Polymer flooding offers the potential to recover more oil from reservoirs but requires significant investments, which necessitate a robust analysis of economic upsides and downsides. Key uncertainties in designing a polymer flood are often reservoir geology and polymer degradation. The objective of this study is to understand the impact of geological uncertainties and history matching techniques on designing the optimal strategy for, and quantifying the economic risks of, polymer flooding in a heterogeneous clastic reservoir.

We applied two different history matching techniques (adjoint-based and a stochastic algorithm) to match data from a prolonged waterflood in the Watt Field, a semisynthetic reservoir that contains a wide range of geological and interpretational uncertainties. Next, sensitivity studies were carried out to identify first-order parameters that impact the net present value (NPV). These parameters were then deployed in an experimental design study using Latin hypercube sampling (LHS) to generate training runs from which a proxy model was created using polynomial regression. A particle swarm optimization (PSO) algorithm was employed to optimize the NPV for the polymer flood. The same approach was used to optimize a standard waterflood for comparison. Optimizations of the polymer flood and waterflood were performed for the history-matched model ensemble and the original ensemble.

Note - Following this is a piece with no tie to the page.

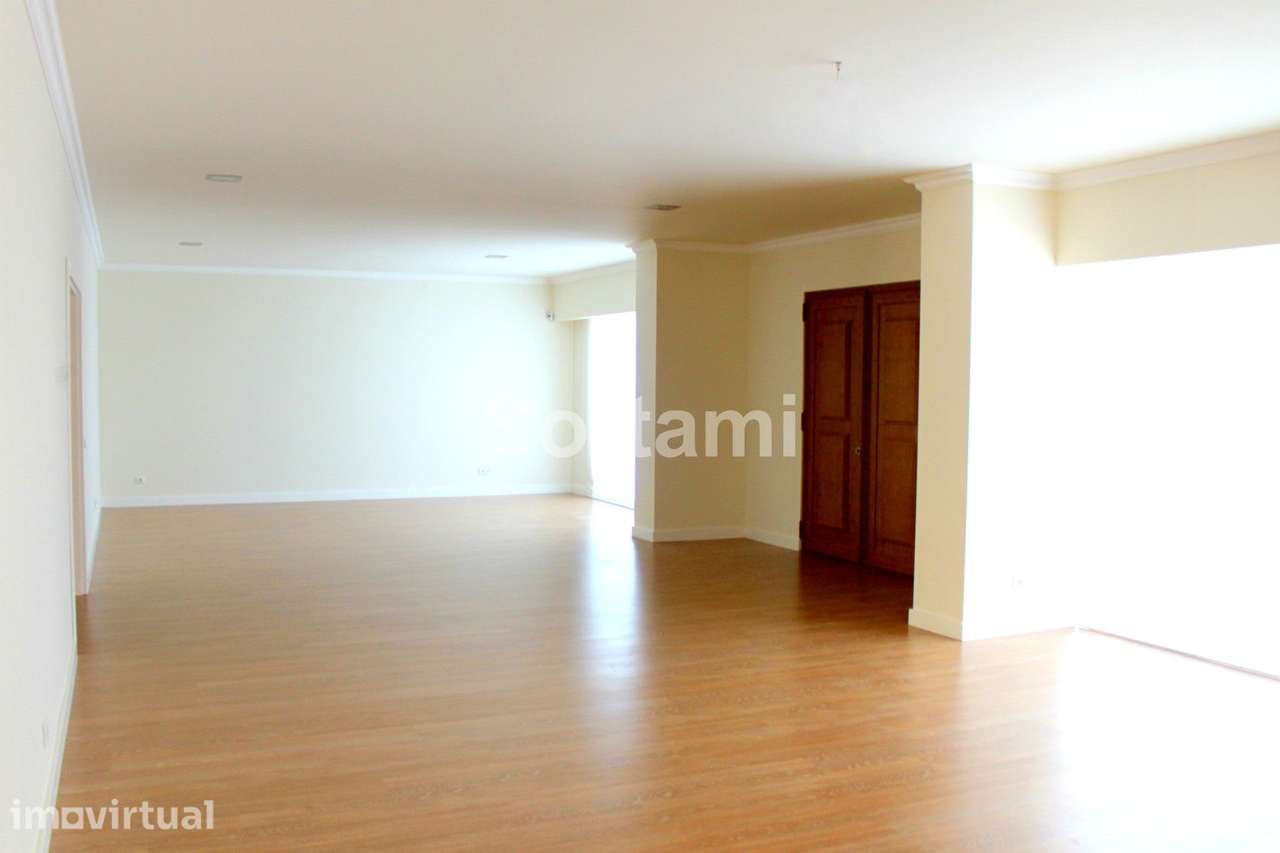 Moradia Isolada T4 Venda em Boliqueime,Loulé - Grande imagem: 2/9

The optimal strategy to deploy the polymer flood and maximize NPV varies based on the history matching technique. The average NPV and the variance are predicted to be higher in the stochastic history matching compared to the adjoint technique. This difference is due to the ability of the stochastic algorithm to explore the parameter space more broadly, which created situations in which the oil in place is shifted upward, resulting in a higher NPV. Optimizing a history-matched ensemble leads to a narrow range in absolute NPV compared to optimizing the original ensemble. This difference is because the uncertainties associated with polymer degradation are not captured during history matching. The result of cross comparison, in which an optimal polymer design strategy for one ensemble member is deployed to the other ensemble members, predicted a decline in NPV but surprisingly still showed that the overall NPV is higher than for an optimized waterflood, even for suboptimal polymer injection strategies. This observation indicates that a polymer flood could be beneficial compared to a waterflood, even if geological uncertainties are not captured properly.